Я настаивал на этом, часто с негодованием, нередко и с мольбами и чуть не слезами; против меня стояла упрямая когорта друзей, советы и просьбы многих и мнение толпы, всегда льнущее к земле. Между тем предстал я пред очи того, кто перстом досягает до неба и тиарой подпирает звезды; он казался обрадован моему приходу и высказал многое, откуда было достаточно ясно, что он на стороне не моей свободы, а общего мнения. Что долго говорить? Один против настойчивого и речистого множества, я мало что мог сделать и, почти побежденный, мрачный, шел под ярмо.

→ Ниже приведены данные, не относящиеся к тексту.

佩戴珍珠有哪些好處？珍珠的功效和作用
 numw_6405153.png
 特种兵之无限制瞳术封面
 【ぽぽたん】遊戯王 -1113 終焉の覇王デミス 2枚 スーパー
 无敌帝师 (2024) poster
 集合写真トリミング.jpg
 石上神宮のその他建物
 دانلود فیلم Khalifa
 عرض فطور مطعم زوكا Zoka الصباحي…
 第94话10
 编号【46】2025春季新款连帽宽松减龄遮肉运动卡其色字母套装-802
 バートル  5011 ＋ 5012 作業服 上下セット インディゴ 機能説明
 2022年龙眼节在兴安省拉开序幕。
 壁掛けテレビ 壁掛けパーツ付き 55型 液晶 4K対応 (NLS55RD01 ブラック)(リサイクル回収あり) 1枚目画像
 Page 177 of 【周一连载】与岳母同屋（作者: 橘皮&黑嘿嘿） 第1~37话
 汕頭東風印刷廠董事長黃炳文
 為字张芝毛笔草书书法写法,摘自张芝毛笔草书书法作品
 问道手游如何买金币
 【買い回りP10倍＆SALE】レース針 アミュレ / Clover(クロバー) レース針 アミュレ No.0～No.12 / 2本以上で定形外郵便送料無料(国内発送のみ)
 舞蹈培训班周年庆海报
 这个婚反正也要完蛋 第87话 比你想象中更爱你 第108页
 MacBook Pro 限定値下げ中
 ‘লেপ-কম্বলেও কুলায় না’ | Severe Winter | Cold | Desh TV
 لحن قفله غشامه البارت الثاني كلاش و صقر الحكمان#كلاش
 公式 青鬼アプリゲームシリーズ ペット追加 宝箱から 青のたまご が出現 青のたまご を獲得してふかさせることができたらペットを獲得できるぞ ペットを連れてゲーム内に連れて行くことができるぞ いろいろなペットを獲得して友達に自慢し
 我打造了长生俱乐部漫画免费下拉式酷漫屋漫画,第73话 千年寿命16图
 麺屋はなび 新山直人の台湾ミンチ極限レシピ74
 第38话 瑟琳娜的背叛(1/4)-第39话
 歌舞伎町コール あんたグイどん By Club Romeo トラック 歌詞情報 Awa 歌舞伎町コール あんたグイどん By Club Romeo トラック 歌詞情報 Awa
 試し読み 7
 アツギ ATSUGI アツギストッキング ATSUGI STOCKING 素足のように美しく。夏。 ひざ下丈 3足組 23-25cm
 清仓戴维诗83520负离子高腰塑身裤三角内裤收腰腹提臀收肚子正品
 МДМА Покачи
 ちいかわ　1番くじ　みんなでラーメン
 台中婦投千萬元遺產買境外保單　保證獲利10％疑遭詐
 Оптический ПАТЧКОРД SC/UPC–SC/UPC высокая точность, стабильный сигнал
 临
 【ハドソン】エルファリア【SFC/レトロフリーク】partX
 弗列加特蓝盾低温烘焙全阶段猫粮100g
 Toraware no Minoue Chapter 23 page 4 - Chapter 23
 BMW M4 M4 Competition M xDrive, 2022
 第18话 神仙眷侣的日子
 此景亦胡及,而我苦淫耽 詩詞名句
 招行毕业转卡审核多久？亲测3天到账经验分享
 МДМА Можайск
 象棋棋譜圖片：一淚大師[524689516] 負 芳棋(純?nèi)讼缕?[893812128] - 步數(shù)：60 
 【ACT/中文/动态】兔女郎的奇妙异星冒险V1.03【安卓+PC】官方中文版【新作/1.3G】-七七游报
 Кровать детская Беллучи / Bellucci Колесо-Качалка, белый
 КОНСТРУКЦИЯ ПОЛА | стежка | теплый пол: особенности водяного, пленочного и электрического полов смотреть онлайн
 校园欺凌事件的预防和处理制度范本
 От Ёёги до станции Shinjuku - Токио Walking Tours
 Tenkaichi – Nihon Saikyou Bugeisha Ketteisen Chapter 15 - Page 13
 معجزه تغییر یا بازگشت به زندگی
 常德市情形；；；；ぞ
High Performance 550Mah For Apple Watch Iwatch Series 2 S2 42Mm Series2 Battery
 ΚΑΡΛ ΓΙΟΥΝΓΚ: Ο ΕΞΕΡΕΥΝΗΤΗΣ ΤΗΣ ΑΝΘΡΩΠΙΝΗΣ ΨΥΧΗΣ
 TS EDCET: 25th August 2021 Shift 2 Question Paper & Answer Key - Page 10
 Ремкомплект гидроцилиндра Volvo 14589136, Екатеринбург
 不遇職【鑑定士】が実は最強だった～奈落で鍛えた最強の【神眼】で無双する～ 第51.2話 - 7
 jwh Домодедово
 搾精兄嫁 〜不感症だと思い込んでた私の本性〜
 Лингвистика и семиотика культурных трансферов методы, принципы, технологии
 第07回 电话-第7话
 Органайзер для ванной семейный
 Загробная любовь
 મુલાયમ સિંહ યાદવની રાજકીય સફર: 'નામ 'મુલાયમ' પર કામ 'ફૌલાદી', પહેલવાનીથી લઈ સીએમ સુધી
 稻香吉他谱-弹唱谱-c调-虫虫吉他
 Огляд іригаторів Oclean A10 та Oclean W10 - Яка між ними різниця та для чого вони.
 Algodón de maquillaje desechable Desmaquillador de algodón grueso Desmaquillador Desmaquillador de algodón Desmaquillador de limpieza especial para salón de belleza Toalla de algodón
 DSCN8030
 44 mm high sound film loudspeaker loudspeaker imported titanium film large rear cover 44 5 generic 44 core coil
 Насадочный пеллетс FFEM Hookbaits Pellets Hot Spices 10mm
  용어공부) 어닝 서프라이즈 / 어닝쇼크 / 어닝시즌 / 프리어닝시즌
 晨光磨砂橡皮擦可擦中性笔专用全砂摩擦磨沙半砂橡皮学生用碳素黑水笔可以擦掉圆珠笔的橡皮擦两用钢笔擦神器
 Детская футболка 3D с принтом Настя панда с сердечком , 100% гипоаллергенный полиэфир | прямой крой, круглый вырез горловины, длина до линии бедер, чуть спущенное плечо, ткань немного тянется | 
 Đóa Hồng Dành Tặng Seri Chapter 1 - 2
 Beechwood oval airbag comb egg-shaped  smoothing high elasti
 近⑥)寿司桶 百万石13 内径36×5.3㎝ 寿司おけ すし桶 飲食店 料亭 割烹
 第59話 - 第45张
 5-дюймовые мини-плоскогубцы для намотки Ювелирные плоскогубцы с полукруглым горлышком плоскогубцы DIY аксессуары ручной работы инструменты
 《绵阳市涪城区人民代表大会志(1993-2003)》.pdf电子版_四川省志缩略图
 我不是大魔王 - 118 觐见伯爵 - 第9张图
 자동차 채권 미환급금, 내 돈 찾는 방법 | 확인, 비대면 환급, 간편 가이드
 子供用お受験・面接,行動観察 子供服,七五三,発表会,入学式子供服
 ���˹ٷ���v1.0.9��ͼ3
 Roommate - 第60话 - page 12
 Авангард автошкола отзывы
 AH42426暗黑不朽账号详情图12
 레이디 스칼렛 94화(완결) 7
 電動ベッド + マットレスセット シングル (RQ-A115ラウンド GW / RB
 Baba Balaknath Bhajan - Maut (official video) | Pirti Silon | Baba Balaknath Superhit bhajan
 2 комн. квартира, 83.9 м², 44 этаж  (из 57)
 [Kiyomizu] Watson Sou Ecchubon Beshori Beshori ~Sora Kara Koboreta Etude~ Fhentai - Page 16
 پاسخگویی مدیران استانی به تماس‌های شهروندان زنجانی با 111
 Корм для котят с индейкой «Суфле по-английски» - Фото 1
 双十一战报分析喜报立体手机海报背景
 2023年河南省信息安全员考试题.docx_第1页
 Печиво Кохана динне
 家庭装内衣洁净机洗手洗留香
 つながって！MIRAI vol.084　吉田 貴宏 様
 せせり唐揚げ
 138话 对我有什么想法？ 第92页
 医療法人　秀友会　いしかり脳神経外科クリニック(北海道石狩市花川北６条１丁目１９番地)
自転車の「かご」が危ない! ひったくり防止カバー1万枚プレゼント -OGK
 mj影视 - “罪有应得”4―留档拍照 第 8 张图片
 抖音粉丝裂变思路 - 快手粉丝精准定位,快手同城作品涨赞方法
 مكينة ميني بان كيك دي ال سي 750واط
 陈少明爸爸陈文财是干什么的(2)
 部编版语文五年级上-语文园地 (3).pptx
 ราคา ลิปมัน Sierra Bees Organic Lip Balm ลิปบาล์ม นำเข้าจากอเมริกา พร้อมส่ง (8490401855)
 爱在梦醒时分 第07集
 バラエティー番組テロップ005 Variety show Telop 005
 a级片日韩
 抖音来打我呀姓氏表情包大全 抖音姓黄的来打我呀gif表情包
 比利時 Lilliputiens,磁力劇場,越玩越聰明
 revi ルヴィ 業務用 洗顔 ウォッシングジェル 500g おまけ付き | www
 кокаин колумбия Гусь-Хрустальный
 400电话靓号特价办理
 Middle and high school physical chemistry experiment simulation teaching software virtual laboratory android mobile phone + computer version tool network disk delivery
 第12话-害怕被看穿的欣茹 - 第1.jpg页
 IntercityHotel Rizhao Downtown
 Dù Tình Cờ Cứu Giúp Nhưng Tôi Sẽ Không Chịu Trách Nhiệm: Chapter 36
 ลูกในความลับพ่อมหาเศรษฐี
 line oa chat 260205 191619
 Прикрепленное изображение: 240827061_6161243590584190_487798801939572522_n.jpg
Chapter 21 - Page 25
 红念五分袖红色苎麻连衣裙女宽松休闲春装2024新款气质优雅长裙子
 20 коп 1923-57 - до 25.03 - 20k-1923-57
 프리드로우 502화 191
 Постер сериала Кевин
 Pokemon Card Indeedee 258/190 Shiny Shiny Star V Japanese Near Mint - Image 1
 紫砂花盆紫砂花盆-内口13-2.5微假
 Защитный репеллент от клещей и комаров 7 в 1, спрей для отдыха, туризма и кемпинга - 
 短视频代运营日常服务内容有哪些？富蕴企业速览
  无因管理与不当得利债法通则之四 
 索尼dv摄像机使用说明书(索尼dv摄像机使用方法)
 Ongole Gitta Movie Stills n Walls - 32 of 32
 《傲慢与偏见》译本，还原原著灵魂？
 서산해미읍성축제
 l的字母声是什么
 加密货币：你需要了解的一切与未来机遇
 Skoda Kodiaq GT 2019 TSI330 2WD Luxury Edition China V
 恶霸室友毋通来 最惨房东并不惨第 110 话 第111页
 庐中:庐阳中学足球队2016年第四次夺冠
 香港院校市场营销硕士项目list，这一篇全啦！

Спасение принесла судьба. Обо мне держалось мнение как о не совсем посредственном риторе, но в гораздо большей мере — как о молчаливом и надежном человеке; насколько оно истинно, видней тем, от кого пошла подобная молва. Так или иначе, я показался годным быть секретарем верховного первосвященника, для того меня и вызывали. Сказали, что есть только одно препятствие: мой стиль возвышенней, чем того требует смирение римского престола. Когда это мне сообщили непосредственно те, кто больше всего хлопотал о моей обеспеченности, я сначала был совершенно ошеломлен и оробел, приняв такие слова за иронию и насмешку над приземленной простотой, которую я знаю за собой как во многих других вещах, так и в стиле речи. Потом, получив клятвенные заверения, я удостоверился, что таково действительно мнение первосвященника и коллегии кардиналов и что от меня требуется только смирить свой ум, пользуюсь их же словами, и понизить стиль, а позднее то, что слышал от двоих, услышал от многих отцов почти столь же высокого положения — и меня охватила радость, какая вряд ли посещает человека, видящего вдруг на пороге своей ненавистной темницы нежданного освободителя: мне показалось, что передо мной распахнулся путь к бегству, и я не ошибся.
И вот, на просьбу сочинить что-либо, в чем проявилась бы моя способность летать близко к земле и применяться к смиренному течению мысли, — а в крайней легкости этого меня постоянно уверяли люди, подталкивавшие меня к высокой, но тесной темнице, — едва мне назвали первую тему для сочинения, я во всю силу своего скромного ума расправил крылья, на которых можно было бы «от праха вознестись», как говорит Энний, а после него Марон, и взлететь достаточно высоко, чтобы уводившие меня в плен потеряли меня из виду. Хоть задание было вовсе не для Пиерид, казалось, мне помогают музы и Аполлон благосклонно снизошел к нам: продиктованное мной многим показалось недостаточно понятным, хоть ясней нельзя было ничего придумать, а кое-кому греческим или даже варварским языком. Каким же умам вверены верховные дела!
Мы знаем со слов Туллия, что есть три стиля, которые он именует фигурами: торжественный, называемый у него высоким, умеренный, который он именует средним, и смиренный, который он зовет простым. Первый из них в наш век почти никем не употребляется, второй употребляется немногими, последний — многими; все, что ниже, вообще не стоит ни на какой ступени подлинного искусства речи, будучи просто плебейским, грубым и рабским словоизлиянием, которое хотя бы за тысячу лет непрерывной привычки к нему и стало уже старинной, все равно достоинства, не присущего ему от природы, он времени не приобретет. Я о себе сужу так, что если мне удается на письме держаться хотя бы смиренного стиля, то это хорошо; если кто попросит подняться выше, то я вижу, по каким ступеням надо подниматься, и, несмотря на медлительность ума, могу попробовать; но если мне, стоящему в самом низу, велят опуститься, моя способность следовать чему бы то ни было кончается. Чего от меня просят? То, чем велят мне пользоваться и что мне называют стилем, вовсе не стиль! Нет, что сказал бы теперь Ювенал, скорбящий в своем веке об утрате самой надежды на просвещение? Что — Сенека, несравненный оратор, оплакивающий упадок языка после Цицерона? Что — сам Цицерон, высшее цветение красноречия, который, однако, тоже в одном месте жалеет об упадке красноречия? Как хорошо, что этих нелепостей не слышат они, для кого даже ничтожный отход от вершин казался бездной падения!